Making A Good Decision For Your Child
Making A Good Decision For Your Child
All parents want their child to become successful. Some parents will go to great lengths to “help” their child by signing them up for a club, sport, or other extracurricular activities that will be “good” for them and their future. Usually the child ends up hating it or it causes something bad to happen. Even though parents might think they’re making a good decision for their child, it could end up as the bad decision that could potentially ruin the parent/ child relationship, lead to trouble later in life, or ruining the child’s chance of doing something for themselves.
A parent can potentially ruin their relationship with their child if the make a bad decision for their child. If their child disagrees with the decision of the parent, the child could begin to resent them. Like in the story, I Stand Here Ironing, the narrator is the mother of a girl named Emily.

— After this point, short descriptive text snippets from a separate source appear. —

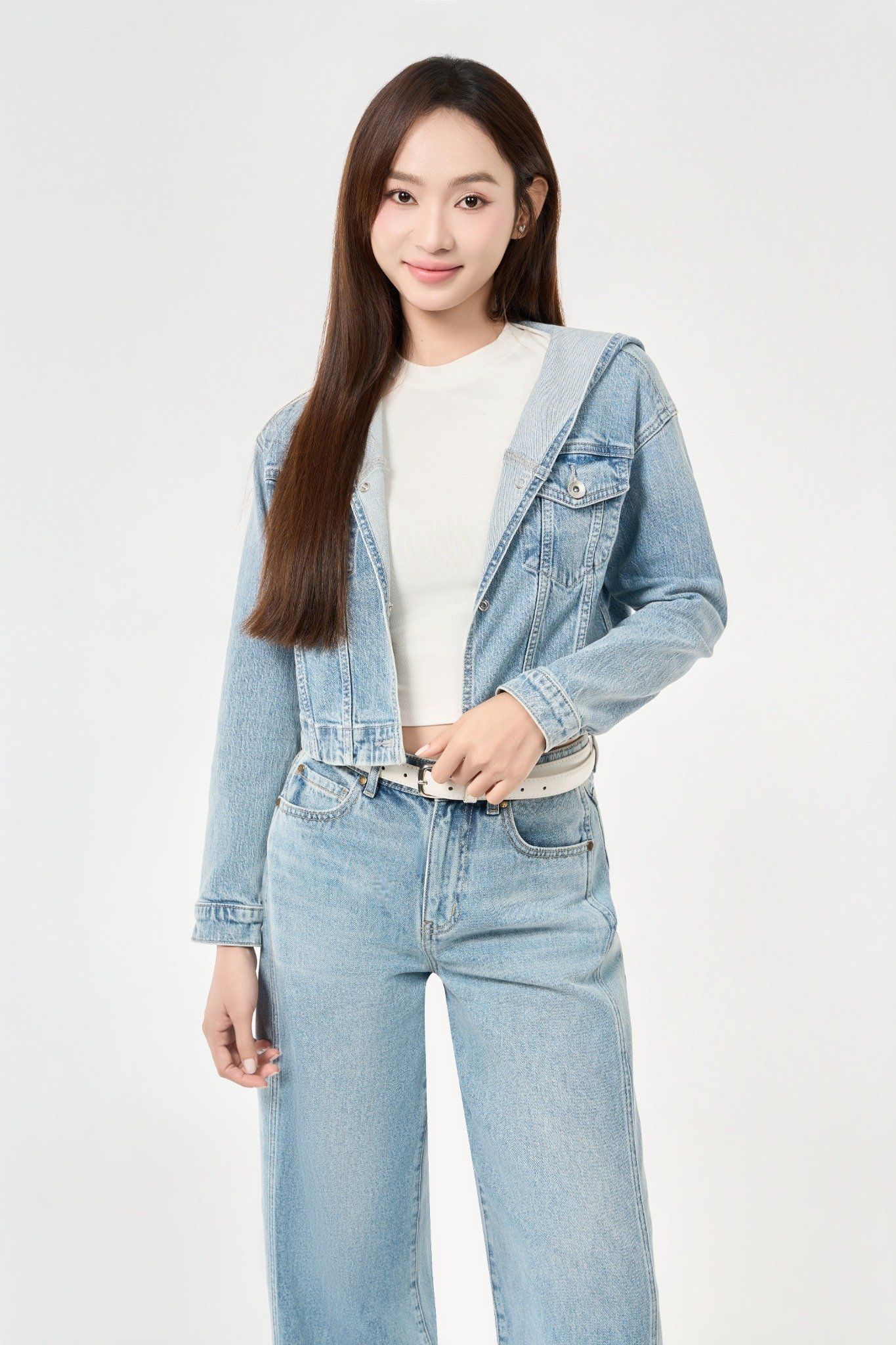 ÁO KHOÁC NỮ DENIM LIGHT BLUE CÓ NÓN FORM CROP - 125WD1042F3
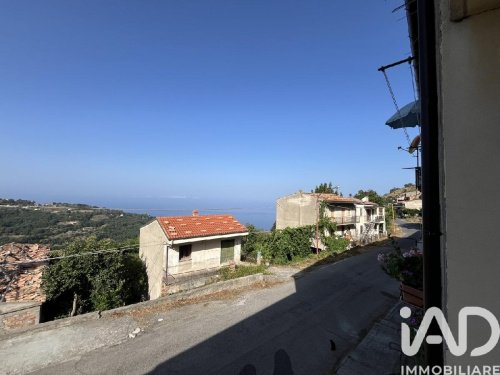Detached house in Fiumefreddo Bruzio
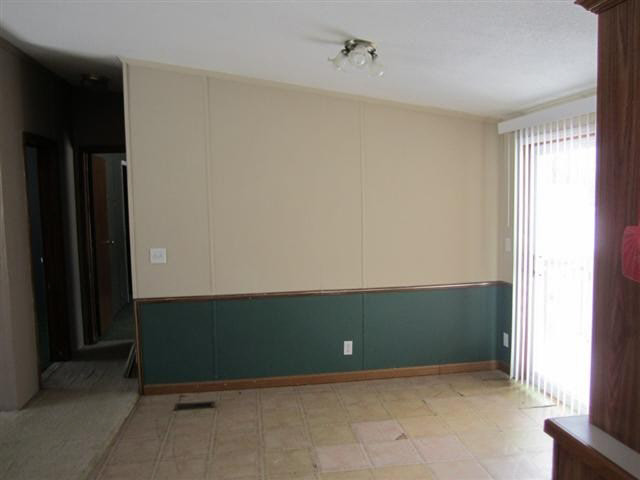 410 N Peters, Garrett, IN 46738 photo 3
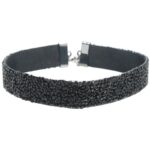 Choker-Ultimate-Glam-zwart-zwarte-brede-chokers-ketting-zwarte-stenen-met-slotje-musthave-kettingen-vrouwen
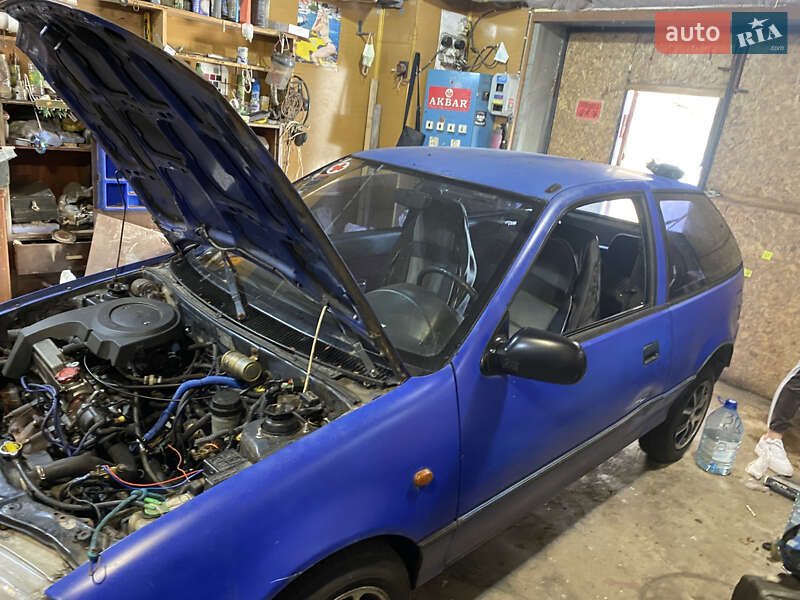 Хэтчбек Suzuki Swift 1995 в Киеве фото 6 Хэтчбек Suzuki Swift 1995 в Киеве
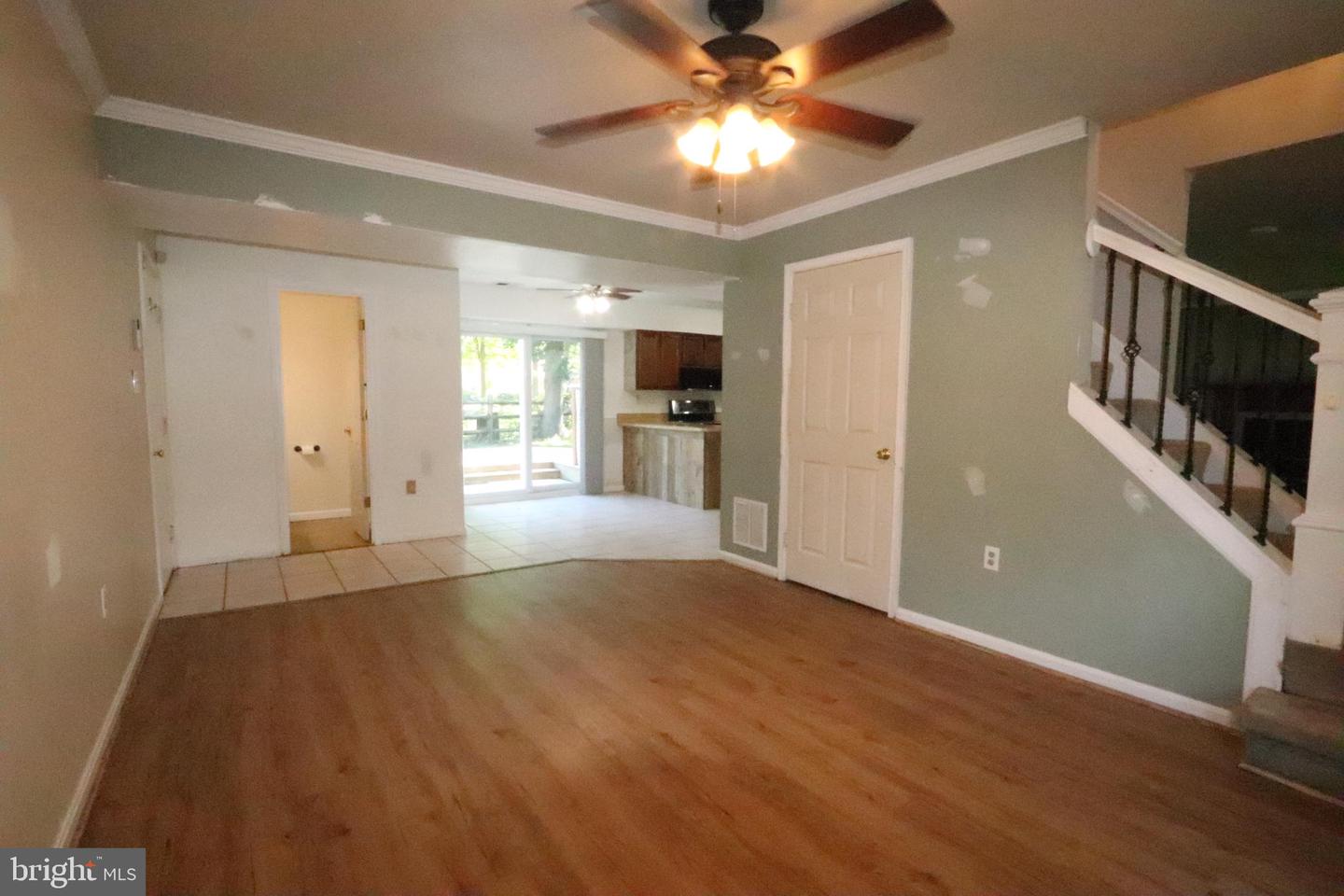 6901 Impala Ct Property Photo 8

The narrator tries to provide a good life for Emily but even then their relationship suffers because she does not show her daughter love like she does with her other children, like when her little sister, Susan, was a baby, the narrator paid lots of attention to her and not to Emily, “She would call for me, and I would rouse from exhaustion to sleepily call back: ‘You’re all right, darling, go to sleep, it’s just a dream,’ and if she still called, in a sterner voice, ‘now to go sleep, Emily, there’s nothing to hurt you.’ Twice, only twice, when I had to get up for Susan anyhow, I went in to sit with her.” (Olsen).
This harms their relationship because Emily knows her mother chooses Susan over her even when she was little. Later on, when Emily is in her high school years, she and her mom are not very close still. Based on this we can see that making a bad decision for your child can leave the parent/child relationship in ruins.
Making a bad decision for can also affect the child in the future. It could influence them to a life of despair. In the story Teenage Wasteland, Donny gets into trouble a lot in his high school years but when used to be good when he was younger so as he has been doing bad things, his parents have been getting stricter and stricter which is only the start. His mother decides to be less controlling and then, “He said they acted like wardens. On weekends, they enforced curfew. And anytime he went to a party, they always telephoned first to see if adults would be supervising.
‘For God’s sake!’ he said. ‘Don’t you trust me?’” (Tyler). This causes his parents to try not to control him as much to make him happy but he spirals from here into him getting expelled for alcohol possession and later running away. The decision to be less strict on Donny was a mistake because this allowed him to make a mistake that will affect him forever. Bad decision can also ruin the child’s future.
A parent’s bad decision for their child can also ruin their hope to do something that will make them happy. The child could want to do something that interests them but based on the decision their parent makes then do not feel capable of doing what makes them happy. A Modern Indian Woman’s Struggle with Arranged Marriage is a great example of this because the author struggles with her parents trying to choose her husband for her like a traditional arranged marriage.
Her father goes on different Indian nationality dating websites and picks a man based on a profile and sets them up. She finds it funny that her parents do this for her but she really is limited by this choice and has to only go out with men that are of her dad’s approval (Jain). This makes it hard for the thirty year old to find a husband. This ruins her hope of finding someone that she likes for them and marrying them.
Bad choices by parents can hinder the child in the end instead of helping them. Parents should think about the child’s whenever they make decisions for them so they do not hurt them in these ways.
Tyler, Anne. “Teenage Wasteland.” 1983. Print. (Tyler)
Olsen, Tillie. “I Stand Here Ironing.” Tell Me A Riddle. 1961. Print. (Olson) Jain, Anita. “Is Arranged Marriage Really Any Worse Than Craigslist?” New York Print.